__Work instruction__: Extract, exactly as written, each line from the start of the records below to the line containing "Gruta Nossa Senhora de Lourdes", both ends included; drop the pictures.

Dataset excerpts:
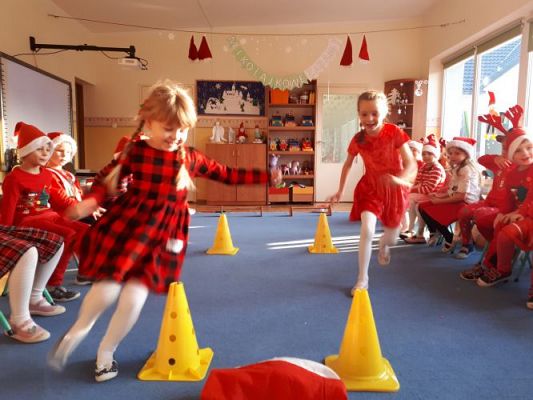 Grafika #48: 07.12.2020 Mikołajki gr III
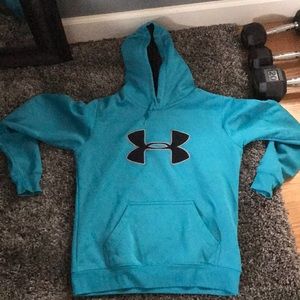 Hooded blue under armpit sweatshirt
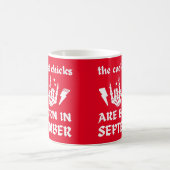 雛クールが九生まれ月生誕日に来た コーヒーマグカップ (中央)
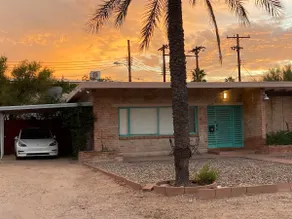 Teal Door | 1-Night OK | AC | Renovated | UofA - Image 3
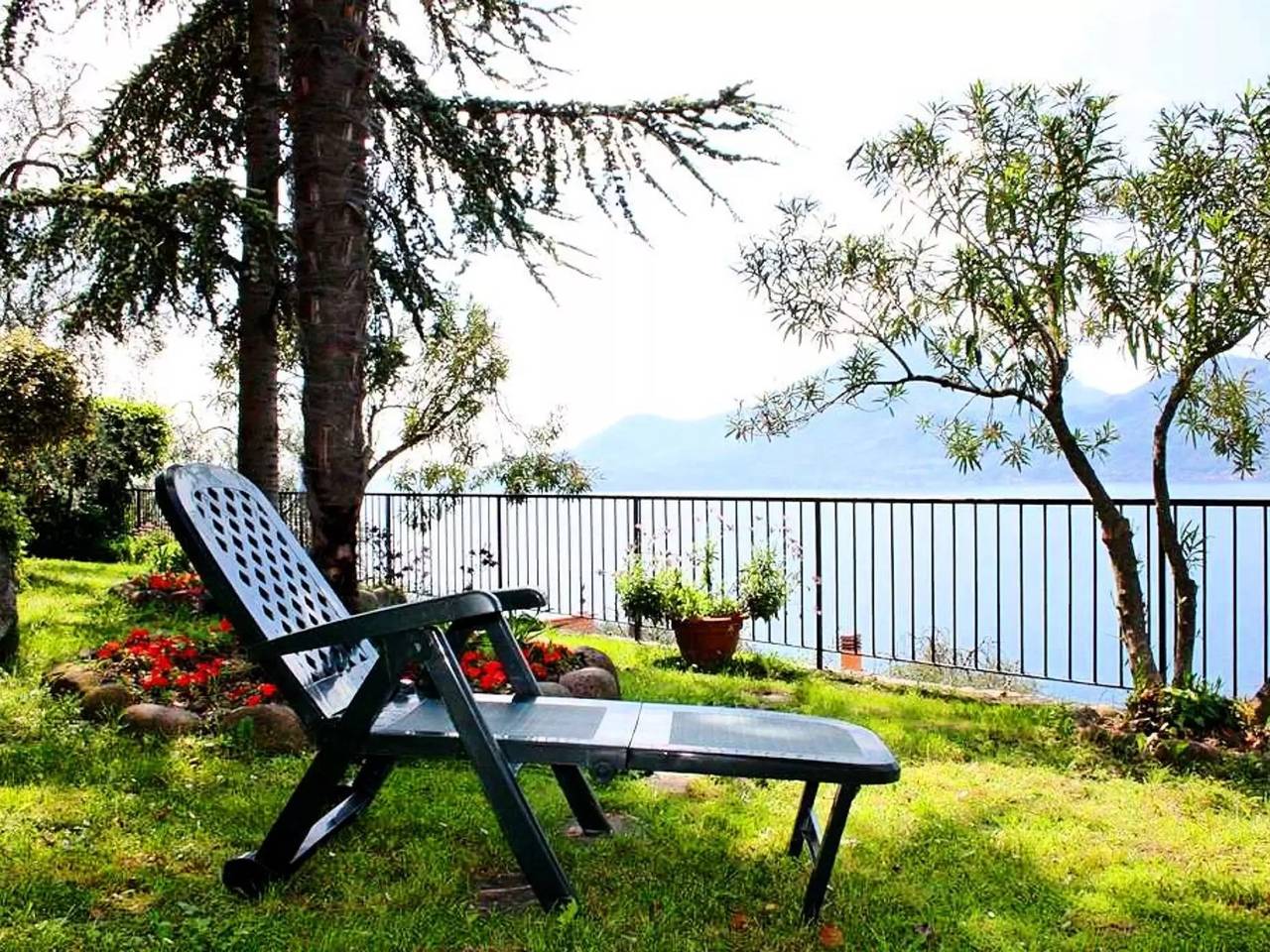 Apartamento entero, 4 estancias 2 Personas in Brenzone, Montañas Garda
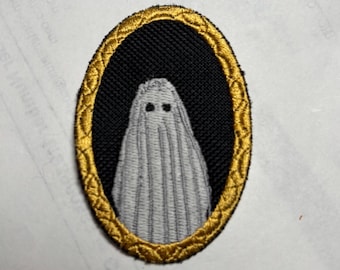 Naszywka „Ghost Patch”: aplikacja haftowana świecąca w ciemności – do naprasowania lub przyszycia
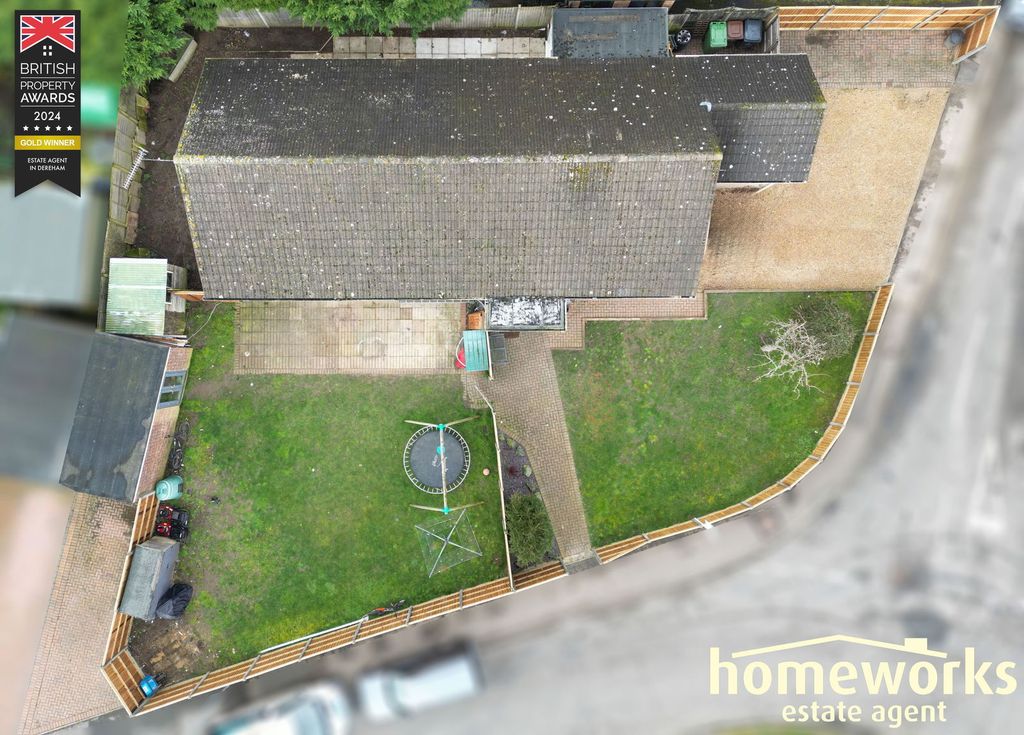 Property photo 2 of 16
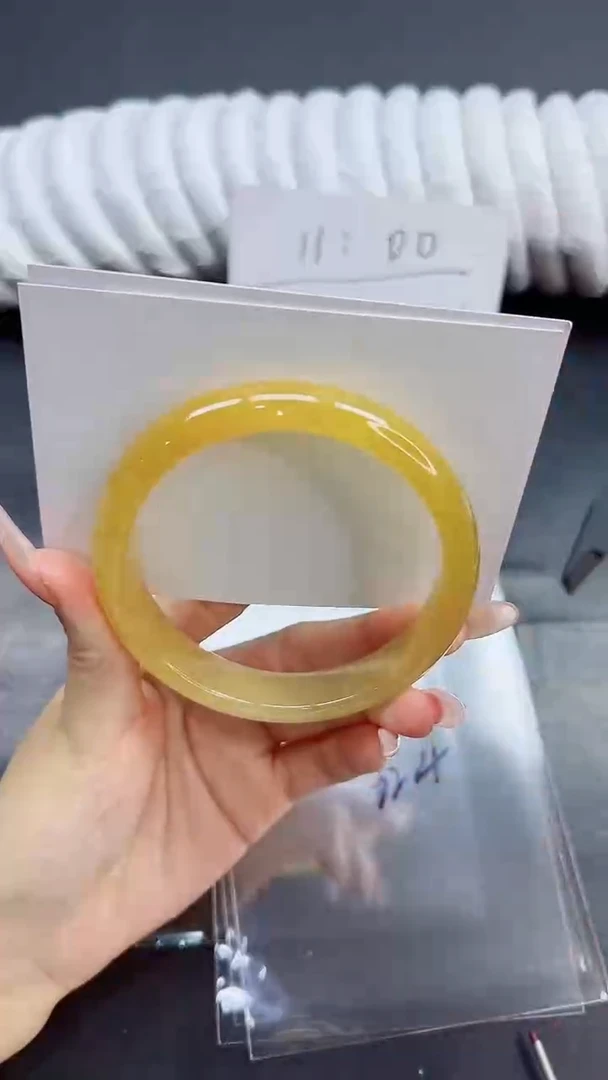 未镶嵌手镯石英质玉116/62.4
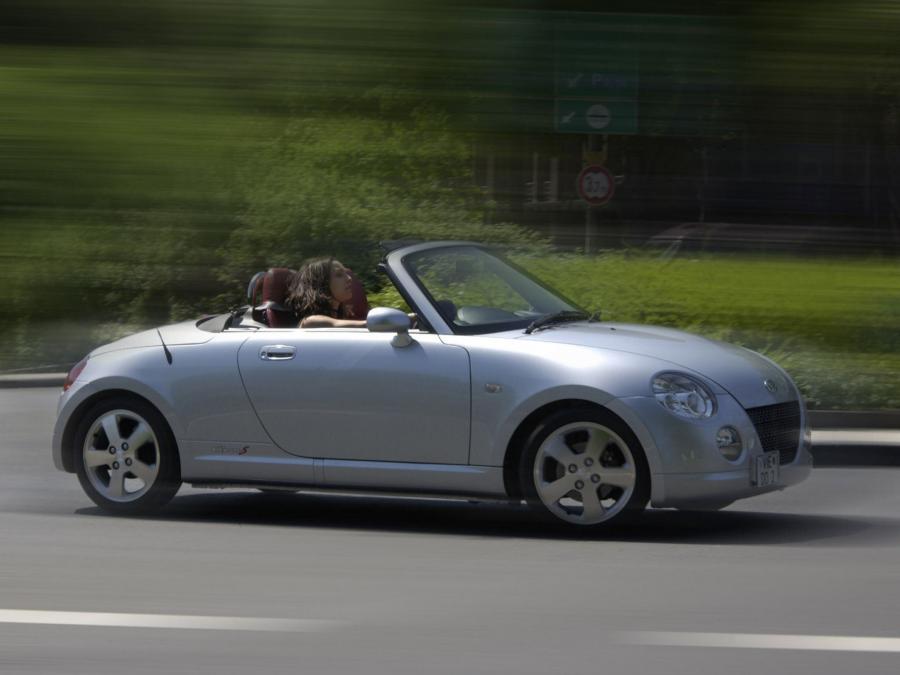  Daihatsu Copen 2001 года  (фото 4 из 12)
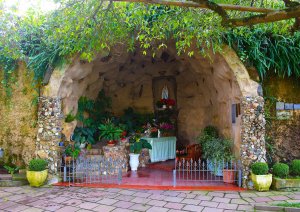 Gruta Nossa Senhora de Lourdes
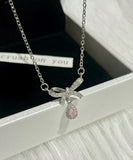 ネックレス レディース シルバー シンプル 通販 ペンダント 首飾り ジュエリー アクセサリー しずく 雫 大人 かわいい おしゃれ 可愛い オシャレ 女性 リボンティアドロップネックレス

__Task solution__:
 Grafika #48: 07.12.2020 Mikołajki gr III
 Hooded blue under armpit sweatshirt
 雛クールが九生まれ月生誕日に来た コーヒーマグカップ (中央)
 Teal Door | 1-Night OK | AC | Renovated | UofA - Image 3
 Apartamento entero, 4 estancias 2 Personas in Brenzone, Montañas Garda
 Naszywka „Ghost Patch”: aplikacja haftowana świecąca w ciemności – do naprasowania lub przyszycia
 Property photo 2 of 16
 未镶嵌手镯石英质玉116/62.4
  Daihatsu Copen 2001 года  (фото 4 из 12)
 Gruta Nossa Senhora de Lourdes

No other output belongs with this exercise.